Report / June 16, 2003

Global Witness Statement to the Extractive Industries Transparency Initiative

Global Witness is one of the founder members of the Publish What You Pay (PWYP) campaign of over 120 NGOs that are calling for governments, especially those in the G8, to take leadership and promote transparency over resource revenues worldwide (see www.publishwhatyoupay.org). The coalition is calling for Northern stock market regulators and international accounting standards to require resource extraction companies to report their net payments to all governments as a condition for being listed on stock markets.




The PWYP coalition is participating in the UK Government’s Extractive Industry Transparency Initiative (EITI), which is exploring options to promote transparency and wise use of oil, mining and gas revenues worldwide (see www.dfid.gov.uk).


Revenue transparency is a fundamental requirement for economic growth in many of the world’s poorest countries. Revenues from oil, mining and gas are critically important in about 60 developing or economic transition countries. Of the 3.5 billion citizens in those countries, some 1.5 billion live on less than US$2 per day, representing over two-thirds of the world’s poorest people. The World Bank identifies 12 of the world’s most mineral-dependent states and six of the most oil-dependent states as Highly Indebted Poor Countries with amongst the world’s worst human development indicators.



In many of these countries, governments do not provide even basic information about their revenues from natural resources; nor do multinational resource extraction companies publish any information about payments made to governments for access to those resources. Thus, the ordinary citizens of the country - who often own those resources under the Constitution - have no information with which to call their government to account over the management of revenues.



As well as improving company disclosure, the statement argues that it is very important to increase the transparency of government revenue streams from production sharing agreements or national companies. The EITI principles and its reporting schedules are a valuable first-step to this end, but they must be reinforced by appropriate conditionality on relevant bilateral and multilateral development and economic restructuring assistance, resource-backed loans from banks and export credit agency funding. In addition, the World Bank and the IMF should be required to mainstream revenue transparency across their lending and technical assistance portfolios.



Global Witness is highly concerned that the voluntary approach explicitly proposed by the EITI will not work where it is most needed. The EITI meeting on June 17th 2003 takes place against the backdrop of an unprecedented number of major corruption and embezzlement scandals in the extractive sector - involving several billion dollars of financial impropriety - that demonstrate that some political and business elites directly benefit from the current lack of transparency in the oil business. These include the ‘Kazakhgate’ scandal, ‘Elf Affair’, Angolagate, Halliburton's tax avoidance in Nigeria, and revelations in the LA Times that a large portion of Equatorial Guinea's oil revenues being kept under the President's direct control in an offshore account.

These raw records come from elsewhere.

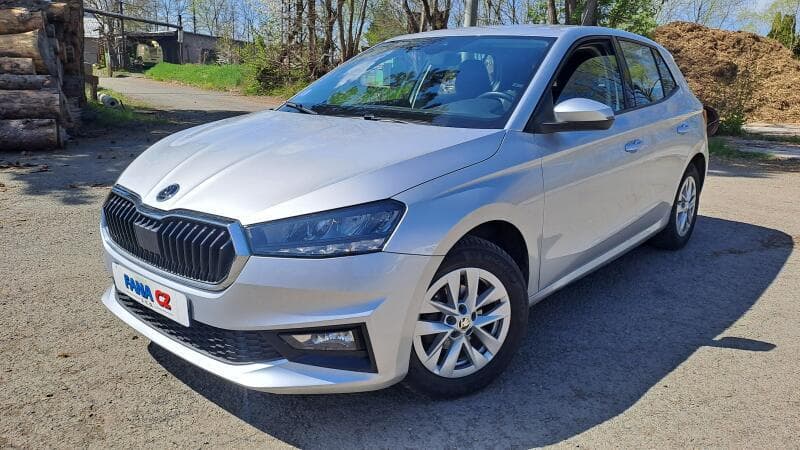 2023 Škoda FABIA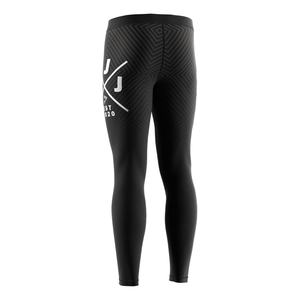 Pantalons de compression pour hommes, collants, leggings, sous-vêtements de sport, course à pied, entraînement athlétique, thermiques - Product Image 3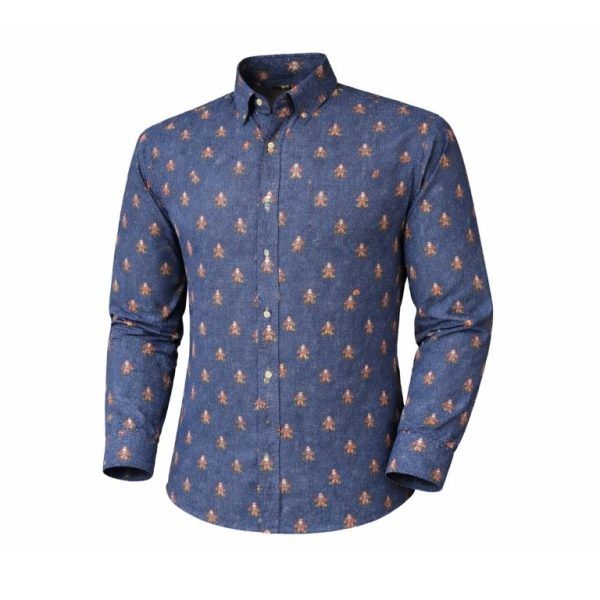 F/X Fusion  Santa Shirt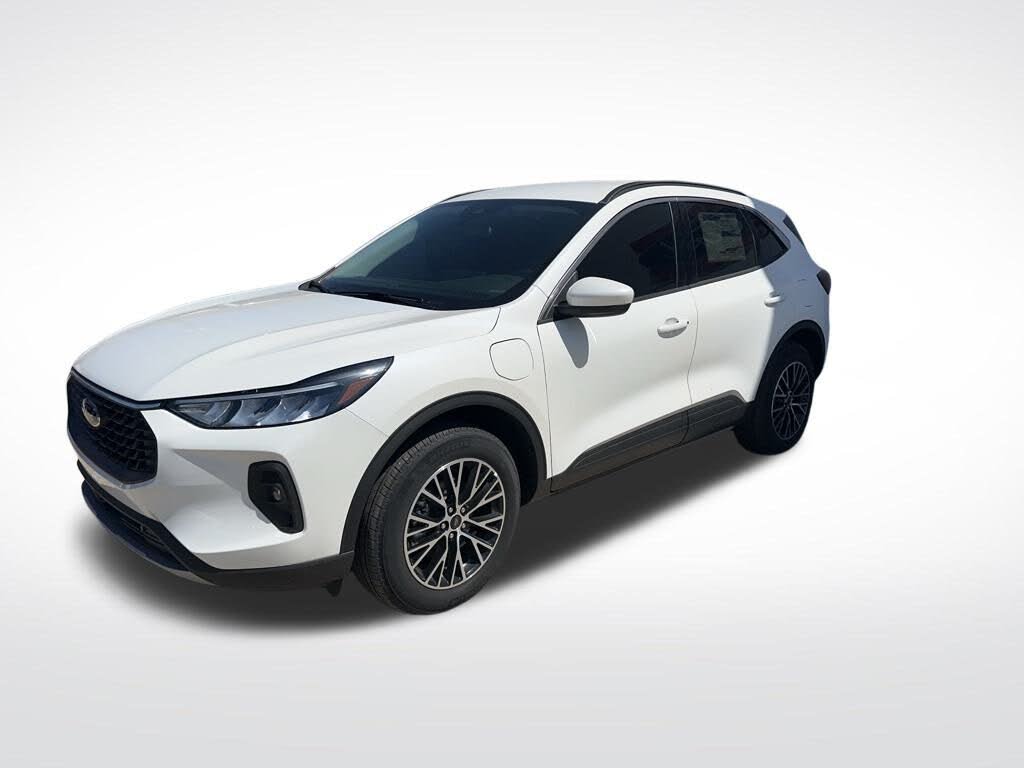 2024 Ford Escape Hybrid Plug-in FWD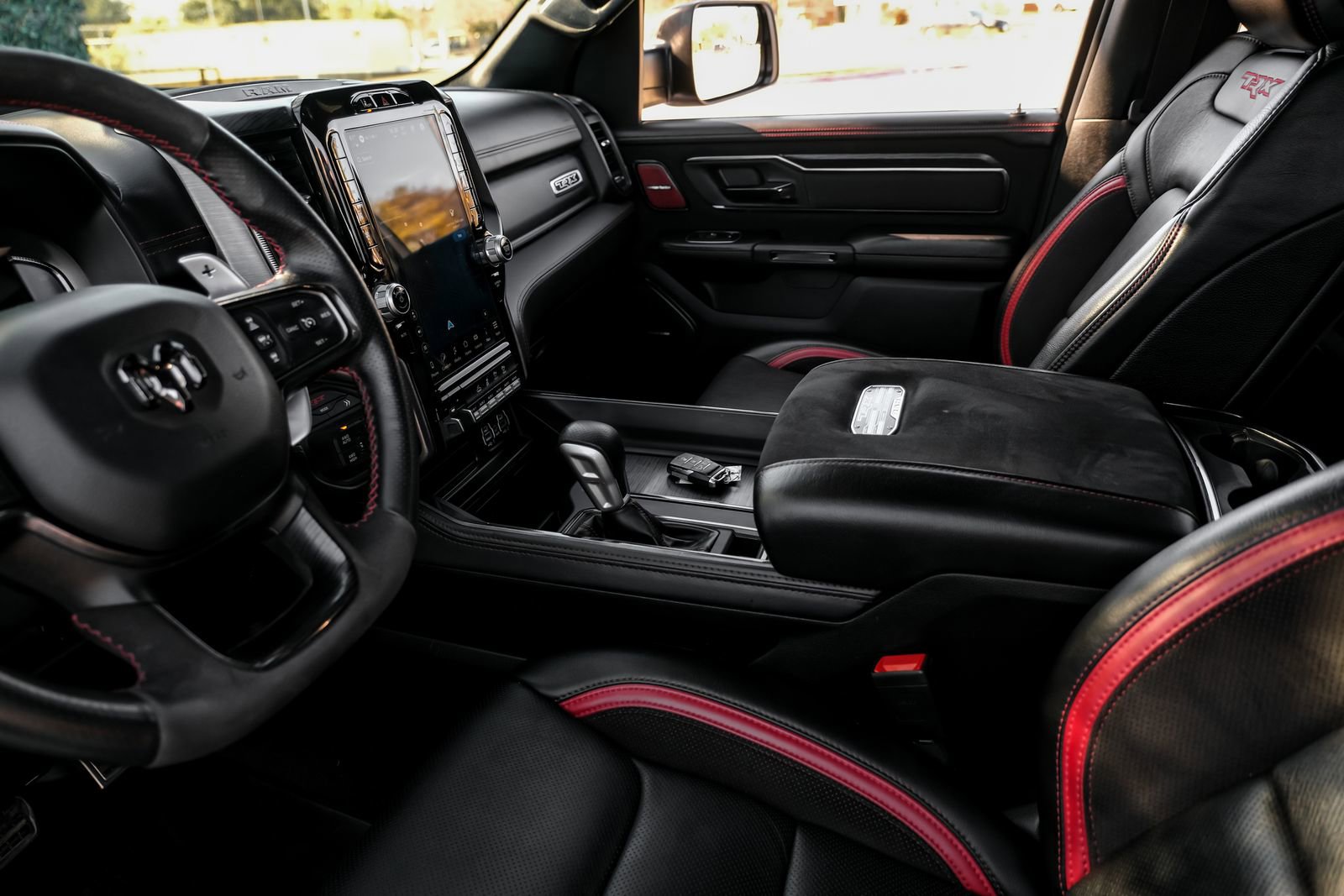 Used 2024 RAM 1500 TRX w/ TRX Level 2 Equipment Group image 22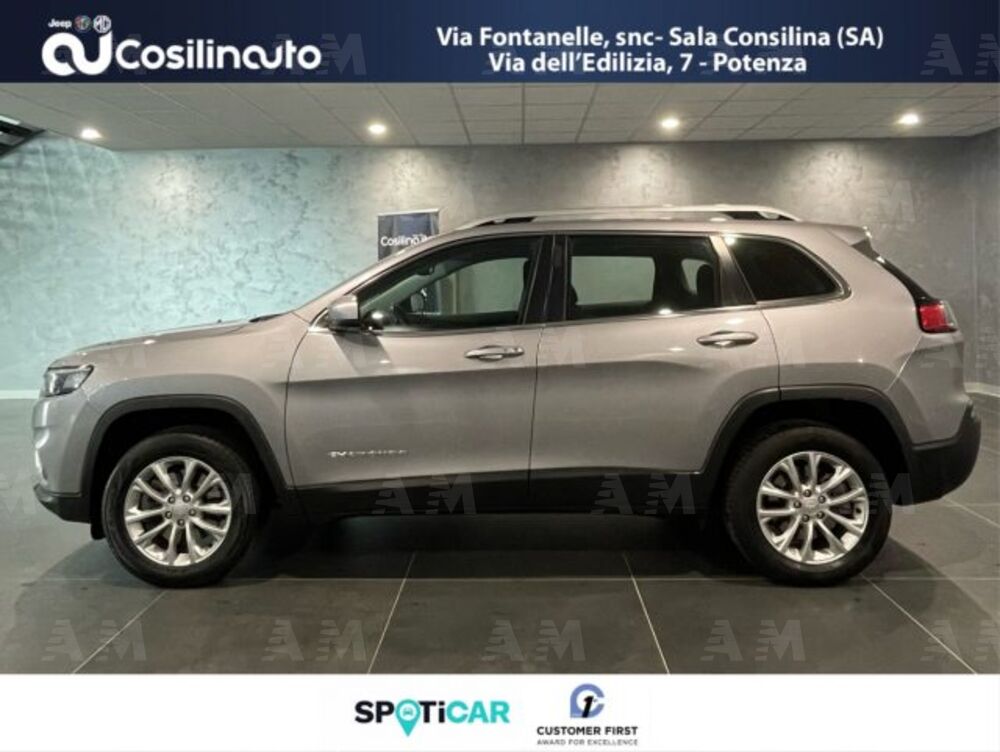 Jeep Cherokee usata a Salerno (8)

Revenue transparency is a priority for development, good governance, and international energy security. Without it there can be no accountable government in resource-rich-but-poor countries. The only losers in our proposals to require transparency through a series of joined-up regulations would be the corrupt few-who are already rich enough to be quite beyond our sympathy. The EITI is a welcome step in the right direction but, given the economic benefits to those cheating the system, the international community must move beyond a purely voluntary approach to deliver real change and to require companies and governments to come clean on the revenues generated by natural resource exploitation.